India’s central bank unexpectedly cut the amount of deposits lenders need to set aside as reserves to ease a cash squeeze in the banking system that threatens to deepen an economic slowdown.
The Reserve Bank of India (RBI) reduced the cash reserve ratio (CRR) to 4.75 percent from 5.5 percent, according to an e-mailed statement on Friday. The move, the first such action outside a policy meeting since July 2010, will add 480 billion rupees (US$9.6 billion) into lenders, it said. The bank last reduced the ratio by 50 basis points, or 0.5 percentage points, on Jan. 24.
The unscheduled step before a policy review on Thursday underscores the RBI’s concern that a shortage of cash in the banking system will hurt the economy, forecast to expand at its slowest pace in three years in the fiscal period ending March 31.
ENCOURAGING GROWTH
Asian nations including China and the Philippines have eased monetary policy to spur growth amid Europe’s debt crisis.

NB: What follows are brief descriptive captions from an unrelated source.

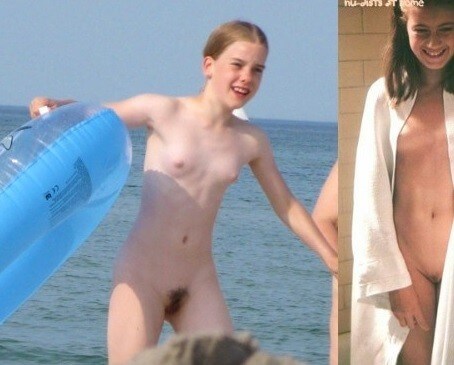 Bare Lake Days photos - Nudism helps overcome prejudices and fears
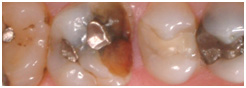 DENTAL CROWNS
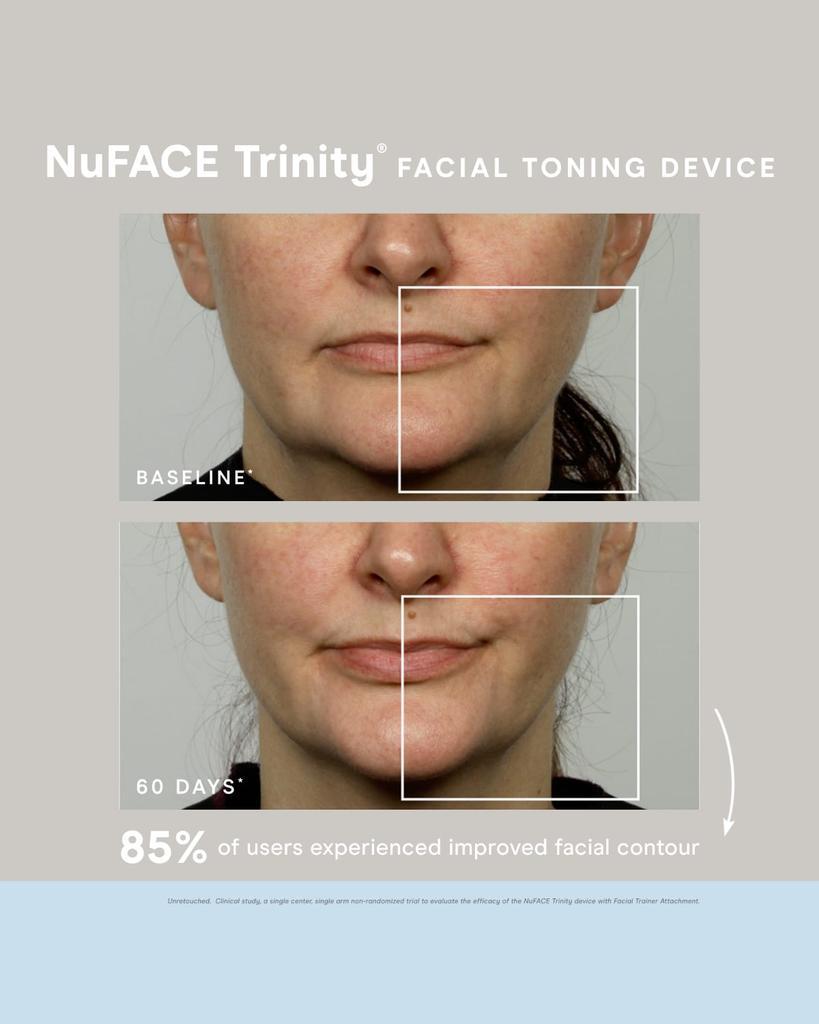 商品NuFace|NuFACE Trinity,价格¥2496,第5张图片详细描述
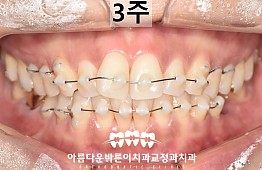 수술후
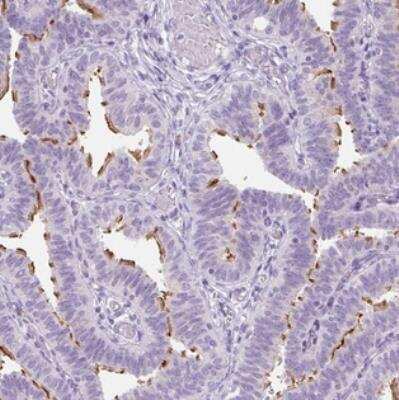 Immunohistochemistry: TMEM89 Antibody [NBP2-30826]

“The strong and surprise action by the RBI is aimed at ensuring that the rapid deterioration in growth momentum is arrested,” said Shubhada Rao, chief economist at Yes Bank Ltd in Mumbai.
“The CRR cut will help alleviate the stress in the banking system and guide the liquidity deficit to lower levels,” Rao said.
Lenders have borrowed an average of 1.33 trillion rupees a day from the RBI so far this month, according to central bank data. That’s more than double the 600 billion-rupee limit favored by the monetary authority and signals a shortage of funds.
WITHDRAWALS
The reduction in the cash reserve ratio, which was announced after markets closed on Friday, was effective from yesterday, according to the statement. The central bank lowered the ratio to its lowest level since 2004 in anticipation of companies withdrawing money from the system to pay taxes by Thursday’s 15 deadline.
“The liquidity deficit is expected to increase significantly during the second week of March due to advance tax outflows,” the central bank said in the statement. “Thus, the overall deficit in the system persists above the comfort level of the Reserve Bank.”
CURRENCY FLUCTUATIONS
The rupee strengthened 0.9 percent to 49.8550 per US dollar at the close in Mumbai on Friday. It has rebounded about 6.5 percent so far this year after sliding 16 percent last year, the worst fall in Asia.
The BSE India Sensitive Index advanced 2.1 percent. The yield on the 8.79 percent notes due in November 2021 rose four basis points to 8.29 percent.
Cash availability with Indian lenders dropped after the central bank bought rupees to stem the decline in the currency and companies borrowed to finance imports, said Roy Paul, a deputy general manager at Federal Bank Ltd in Mumbai.